On Global Divestment Day, the second campaign-launch speaker in Sacramento was Jane Vosburg, a retired teacher and fervent activist for fossil fuel divestment. She is divestment coordinator for 350 Sonoma County and for the CalSTRS campaign of Fossil Free California. Her speech:
“Action on climate change must happen now!” CalSTRS knows this. And CalPERS knows it. They also know that we must transition to a low-carbon economy; that’s why they plan to increase their clean energy and technology investments. Finally, both CalSTRS and CalPERS know that to prevent climate catastrophe, fossil fuel companies must keep 80% of their current reserves in the ground. However, despite all this knowledge, they still refuse to divest from fossil fuels.
Instead of divesting, both pension funds are entrenched in the belief that shareholder engagement will be effective in convincing the fossil fuel companies to do right. This after ExxonMobil’s CEO Rex Tillerson reassured its shareholders that it intends to burn all its current reserves; it also spends $100 million a day exploring and developing more dirty fuel. For us this means that our pension funds support this exploitation of fossil fuel, and they support fracking which impacts the health of local communities in California.
Al Gore, in his recent presentation to the CalSTRS investment committee, said that engagement with fossil fuel companies does not work. They might show a willingness on their part to comply, but this is just a pretense, a smokescreen. Shareholder engagement legitimizes talk over real action.
Relying on engagement not only fails to acknowledge the urgency of the climate problem, but it also emboldens the fossil fuel industry to postpone its critical transition to renewable energy. Former commissioner of the SEC Bevis Longstreth suggests that the call for engagement might well be a ploy encouraged by the fossil fuel industry. He states, “In truth, if the engagement crowd didn’t exist, the fossil fuel giants would by now have invented them. (And, in light of the parallels to tobacco and lead, who knows the extent to which they did.)”

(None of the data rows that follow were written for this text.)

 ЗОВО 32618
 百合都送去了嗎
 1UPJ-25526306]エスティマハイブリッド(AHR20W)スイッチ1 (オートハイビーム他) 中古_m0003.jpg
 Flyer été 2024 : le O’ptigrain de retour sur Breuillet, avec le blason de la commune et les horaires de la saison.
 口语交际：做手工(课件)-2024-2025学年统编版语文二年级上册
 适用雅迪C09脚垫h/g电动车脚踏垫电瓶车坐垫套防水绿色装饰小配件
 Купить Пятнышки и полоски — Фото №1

To help prevent climate and economic catastrophe, we call on CalSTRS and CalPERS to activate their divestment policy.
These fossil fuel investments already meet the three CalSTRS criteria for exclusion:
- They violate one of the ESG Risk Factors—the Environmental Factor.
- A potential for material loss of revenue exists.

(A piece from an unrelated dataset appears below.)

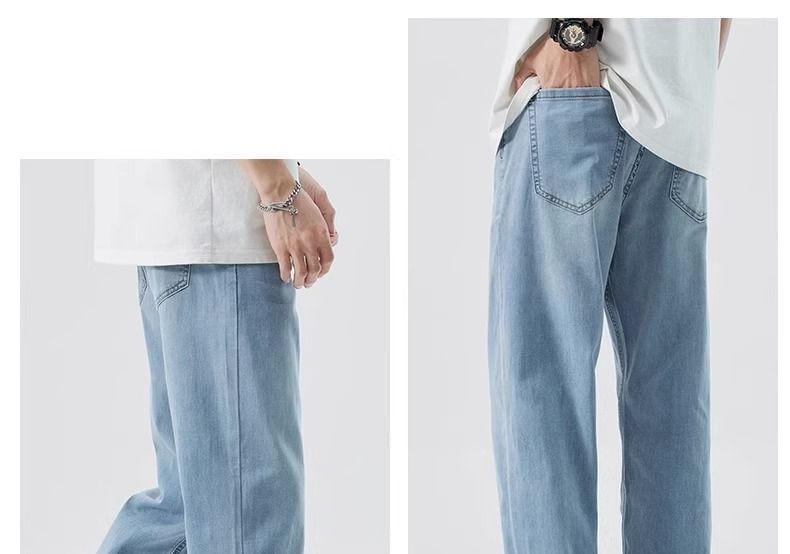 Mid Rise Washed Straight Leg Jeans Product Image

- They weaken the trust of a significant portion of members to the System.
I ask you, members of the CalSTRS system, do you trust CalSTRS’ continued investments in the fossil fuel industry? NO!
Do you believe that shareholder engagement will be effective in influencing the fossil fuel industry to cut its carbon emissions? NO!
Do you want our pension funds to undermine the future of our children and grandchildren and all the students that we teach and have taught? NO!
According to Bob Massey, former executive director of Ceres, it is CalSTRS’ fiduciary duty to divest. He warns “that the failure to address a fundamental … destructive force … to … the future of an investment policy is, in fact, a breach of fiduciary duty.”
CalSTRS—and CalPERS—hear us! We call on you to follow your divestment policy. It’s time to move away from shareholder engagement and exclude fossil fuels from our retirement fund.